Of all weaknesses possessed by the Dallas Cowboys, wide receiver doesn't generally jump out as a top concern. Given the money doled out to starting wide receivers Dez Bryant and Miles Austin, there doesn't seem to be much question regarding who´s expected to catch most passes thrown by quarterback Tony Romo, provided he´s still standing up to find them.
But a closer look reveals that this position, extremely overrated in today's pass-happy NFL, is not very well stocked on the depth chart.
Expect this to change.
No, a pass catcher won't rank as a priority over the Cowboys' first three to four selections in the upcoming NFL draft in April. Beyond that, Dallas might take a shot at a receiver late in the selection meeting, but how likely are they to find a prospect that's much better than the guys they already have?
I would simply say that it isn't likely at all.
Here's the deal: Beyond three-year veteran Bryant, there is virtually no one proven or reliable as a pass catcher.

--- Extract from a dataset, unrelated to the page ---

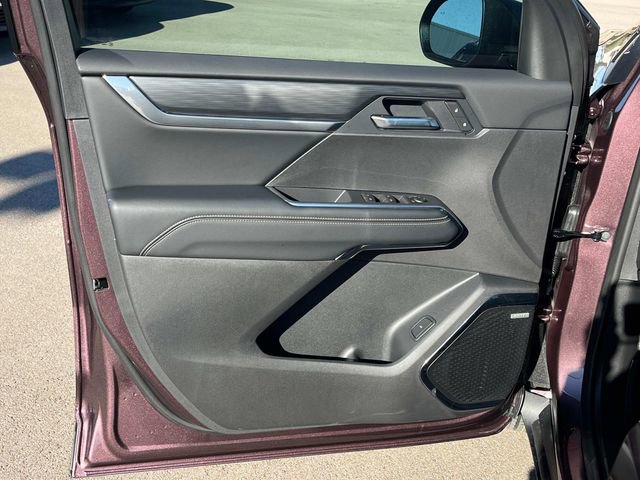 New 2026 GMC Acadia Elevation FWD image 25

Tight end Jason Witten speaks for himself and certainly helps a struggling offensive line by catching more than his share of passes, but we're just talking receivers here.
Being the future focal point of Dallas' offense, or at least it appears that way now, Bryant could use some consistent help on the other side and he's not getting that from the dramatically overpaid and overrated Austin, who should be looking for a lower paycheck on another team next season.

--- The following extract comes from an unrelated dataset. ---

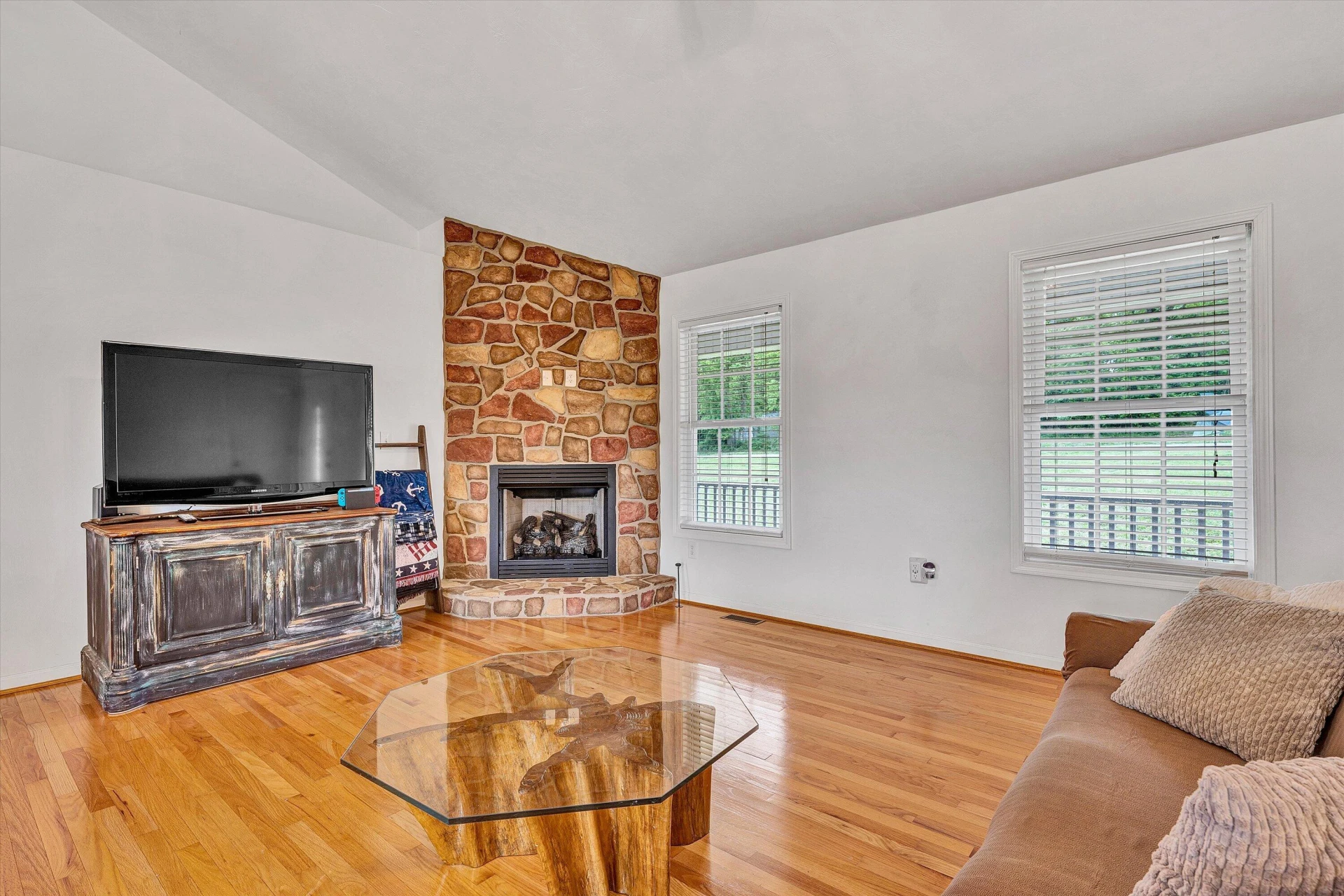1203 Blankenship RD - Photo 11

But Austin likely is going nowhere this offseason, and so the depth chart really has some concerns.
Since the draft will be about positions that just don't include wide receiver, free agency is going to be the option.

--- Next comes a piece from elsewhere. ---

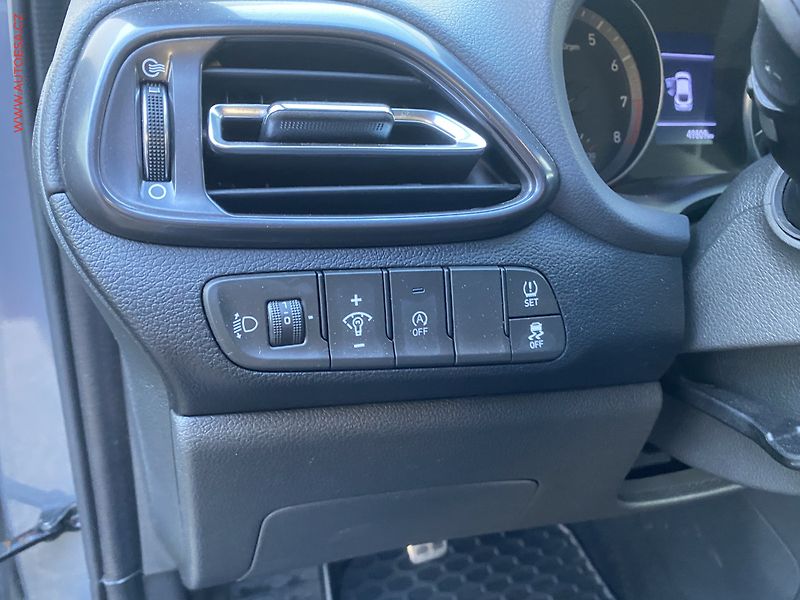 Hyundai i30 (2022) 1.5 T-GDi, N-Line - fotka 15 z 21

Remember Laurent Robinson's out-of-nowhere campaign in 2011? His 858 yards receiving were nothing to write home about, but his 11 touchdown receptions caught the eyes of the NFL. Playing on a one-year contract that year, Robinson was allowed to walk in free agency last offseason and there was nothing close to a replacement for his productivity.
Bryant and Austin are capable of putting up those kinds of numbers, especially the touchdowns, but consistency and reliability have prevented this from happening very often over the past few seasons.
Dwayne Harris emerged last season as a weapon returning punts, but his ability to contribute to the Dallas offense in the future is a bit of a question mark.
Harris hasn't done it yet.
Even if you believe that Harris will continue to progress, which he certainly could, this leaves just three wide receivers who have shown the right potential and skill set to at least stick around in the Dallas offense. But there needs to be more capability and depth at this position.Coal Beasley?
Now, don't expect Dallas to go after a wide receiver early in free agency. Guys like Mike Wallace, Greg Jennings and Victor Cruz will either be too expensive or too old to justify a big, multi-year contract. The Cowboys simply don't have that kind of money to spend and they certainly have other needs.
So, I'm looking toward players like Brian Hartline, Tedd Ginn, Jr., or even Braylon Edwards.
Receivers like these will not be setting the market at the position and therefore could be a bargain. A strong third wideout doesn't have to be a guy that catches 60-plus passes each season—not in Dallas, anyway.
Another intriguing veteran is David Nelson, a 6'5" pass catcher who will be coming off a season-ending surgery to repair a ruptured ACL suffered as the regular season began last September. Nelson would be the tallest wide receiver on the roster, as it stands now, and could possibly offer a future alternative for Austin as a No. 2 receiver.
Do the Dallas Cowboys have enough depth at wide receiver?
Remember too that Robinson wasn't acquired by the Cowboys until September of 2011, so it's not like he was expensive or even well-known as a player then. But opportunity presented itself and this move surpassed everybody's expectations.
The Cowboys don't have to wait until September to make a move on a receiver. They also won't be jumping to the head of the line to overpay for a receiver, either.
But Dallas has to have its eyes wide open for not just a future contributor for years to come, but also for a player who can bolster Romo's options in the passing game that lame-duck head coach Jason Garrett loves so much.
It might just be the "Romo-Friendly" thing to do.